DeVos sued over student loan forgiveness program that denies 99 percent of applicants

One of the nation’s largest teachers unions filed suit Thursday against Education Secretary Betsy DeVos, accusing her agency of mismanaging a major program intended to provide student loan forgiveness to public service workers.

The American Federation of Teachers claims the Education Department has improperly rejected the applications of teachers seeking public service loan forgiveness and violated their constitutional right to due process.

AFT President Randi Weingarten and eight student loan borrowers who are teachers or work in public service jobs are named as plaintiffs in the suit, which was filed in federal court in Washington, D.C.

The Public Service Loan Forgiveness program, which was passed by Congress in 2007, was designed to allow student loan borrowers who work in public service jobs to have their loans discharged after they make 10 years of payments. But relatively few borrowers have been able to obtain the benefit in recent years, as the Education Department has rejected roughly 99 percent of applications. That's left tens of thousands of frustrated borrowers with student loans they thought would be forgiven after they worked a decade on the job.

The department has said that the applications are being rejected because borrowers have not met the eligibility requirements of the program.

The AFT’s lawsuit accuses the Trump administration of arbitrarily and capriciously rejecting loan forgiveness applications, failing to properly oversee the loan servicers it hires to administer the program and denying borrowers the loan forgiveness benefit without due process.

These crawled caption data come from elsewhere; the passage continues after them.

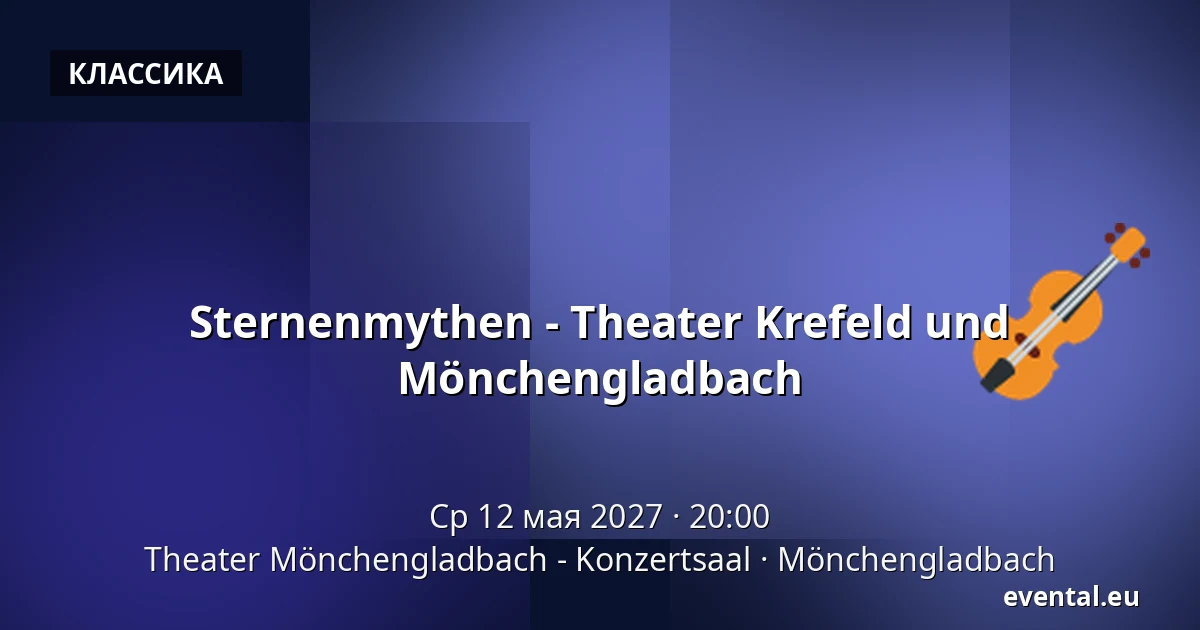Звёздные мифы - Theater Krefeld und Mönchengladbach — Theater Mönchengladbach - Konzertsaal, Mönchengladbach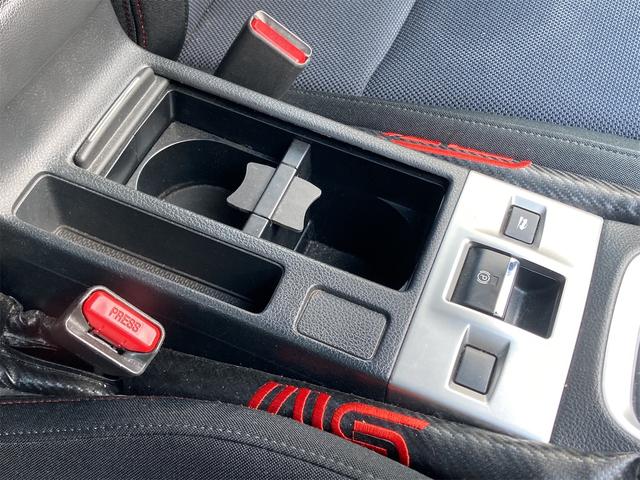 ＷＲＸ Ｓ４ 　４ＷＤ　ドライブレコーダー　ＥＴＣ　レーンアシスト　オートクルーズコントロール　衝突被害軽減システム　バックカメラ　ナビ　ＴＶ　アルミホイール　オートライト　ＣＶＴ　スマートキー　電動格納ミラー（48枚目）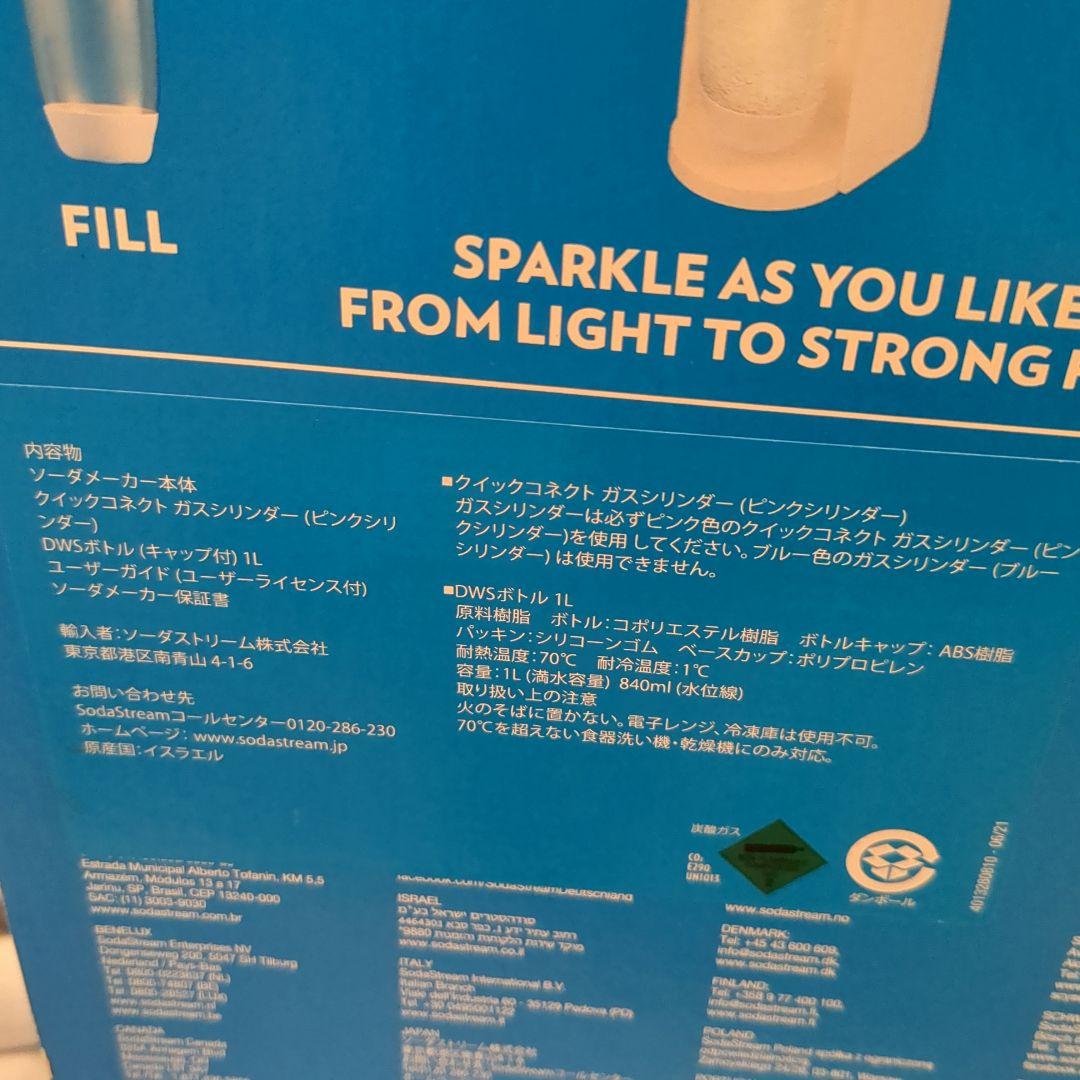 【新品未使用】ソーダストリームTERRAスターターキット ホワイトSSM1086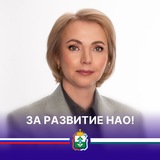 Ирина Гехт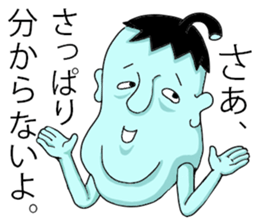 Bad-mouth brothers (1) sticker #5685533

“Instead of helping the millions of Americans owed debt relief under the Public Service Loan Forgiveness program, DeVos has hurt and pauperized them,” Weingarten said in a statement. “And instead of working with lawmakers to improve the program that millions of teachers, firefighters, nurses and first responders deserve, DeVos has vandalized it.”

Education Department spokesperson Liz Hill said in an email that the department “doesn’t comment on pending litigation” but added that the agency “is faithfully administering the complex program Congress passed.”

DeVos has previously said that Congress, not the Education Department, has caused some of the problems by creating a complicated set of restrictions on which types of loans and loan repayment plans are eligible for public service loan forgiveness. The Education Department in December created an online tool that was meant to help borrowers better understand whether they qualify for the program.

The AFT’s complaint asks the judge to approve the applications of the named borrowers in the case. It also seeks a court order requiring the Education Department to implement a better process to handle the program and forcing the agency to provide “written and reasoned decisions supporting its determinations” on loan forgiveness applications.